# Raw Squid



## rosecityrhom (Feb 3, 2003)

Tried out raw squid the other day and all my piranha's loved it...plus its cheaper a pound than raw shrimp here so this might be added to the main staple of food. If you try this just remember to take out the ink quill.


----------



## Atlanta Braves Baby! (Mar 12, 2003)

Ill have to give this a try


----------



## RhomZilla (Feb 12, 2003)

Squid, huh. Hate that shiet when moms cook it..*UGH*!! But if its good for the Ps, then I will try.


----------



## Death in #'s (Apr 29, 2003)

rosecityrhom said:


> Tried out raw squid the other day and all my piranha's loved it...plus its cheaper a pound than raw shrimp here so this might be added to the main staple of food. If you try this just remember to take out the ink quill.


how do u take out the ink quill .show pics if u have








sounds like a plan ill try it


----------



## lastyboy (Apr 14, 2003)

Yeah good idea Batman!!!
Will give it a go


----------



## SnowCichlid (Jan 10, 2003)

not to familiar with the squid. But it does sound like a rather brilliant idea :smile:


----------



## pcrose (Mar 9, 2003)

you can feel it in the back I showed kev how to do it awhile ago I learned it in school. Go to the back of the squid slit it open and you will see a plastic looking thing, it goes from the tip of the head to where the tentacles grow. and basically just pull it out and feel around in the squid to make sure you get it out next time we do this I will have kev take pics or I will.


----------



## o snap its eric (Feb 19, 2003)

hmmm... i wonder if its really good you know.

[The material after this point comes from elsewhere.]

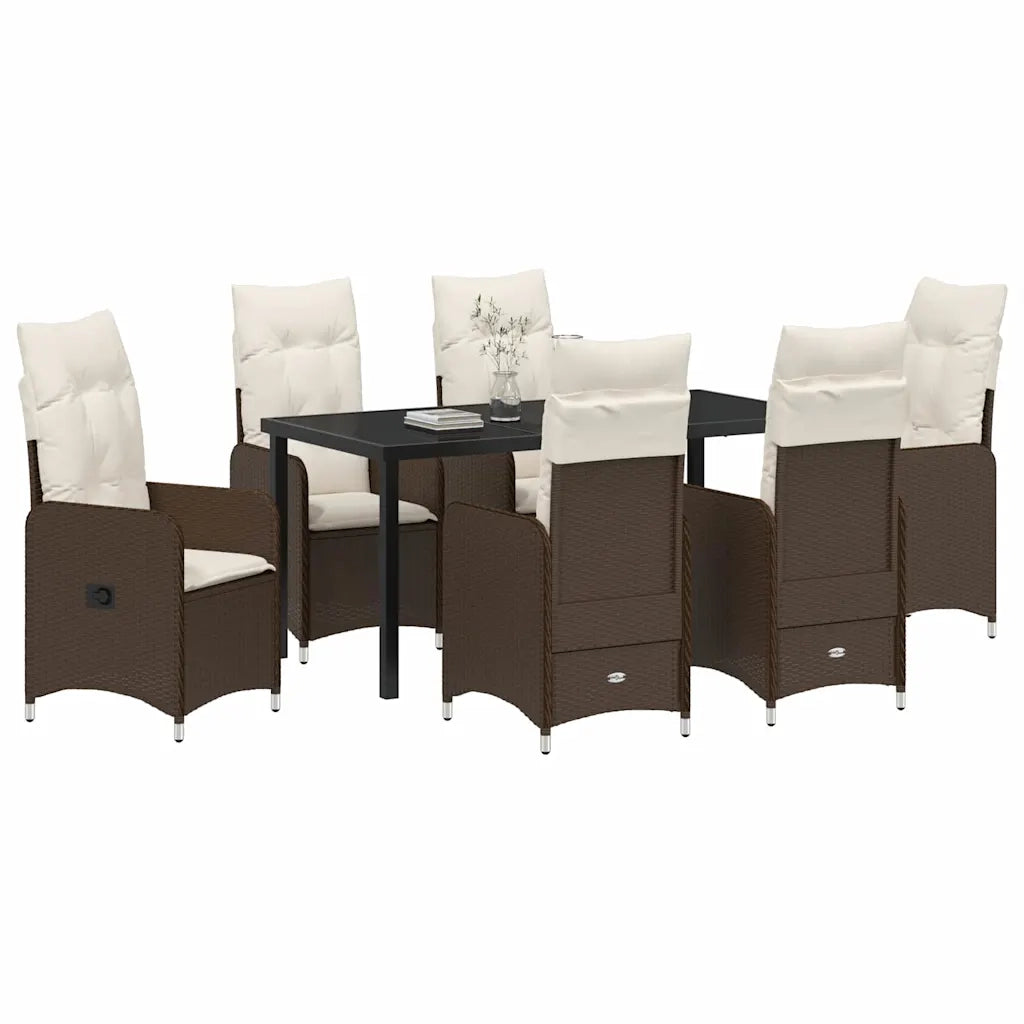 Set da Pranzo per Giardino con cuscino 7 pcs Marrone polyrattan 3379643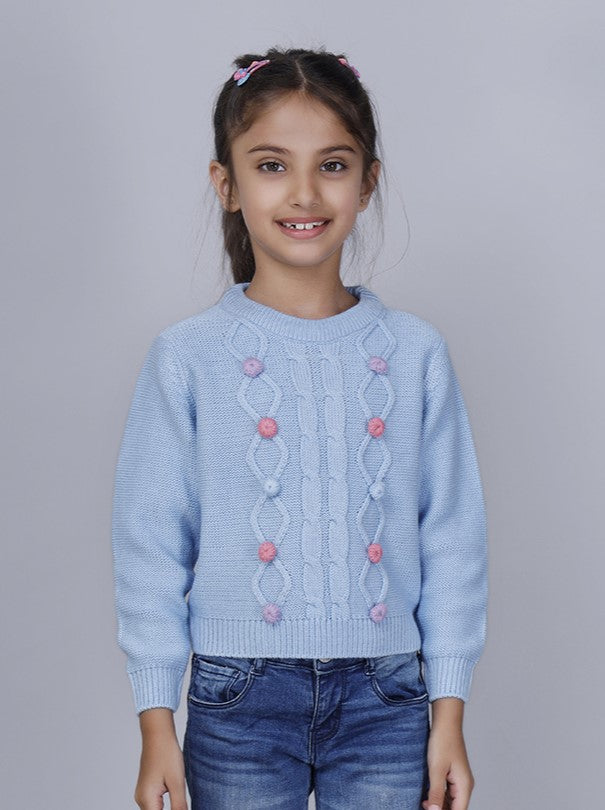 SKY BLUE BOBBLES JUMPER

The though texture of the meat seems hard to digest and rip apart. But hey, if what your doing is doiong it for you then why change. Let us know if you see any difference in your P.


----------



## JReezelle (May 18, 2003)

RhomZilla said:


> Squid, huh. Hate that shiet when moms cook it..*UGH*!! But if its good for the Ps, then I will try.


 Sup dog you don't like pusit? LOL j/k I'ma give that a try too.


----------



## rong666 (Mar 5, 2003)

hey rose, trader joes in hollywood has a good seafood mix for like 5.99 . its got precleaned squid ,shrimp, octopus ,mussells, and scallops. my natts love it.


----------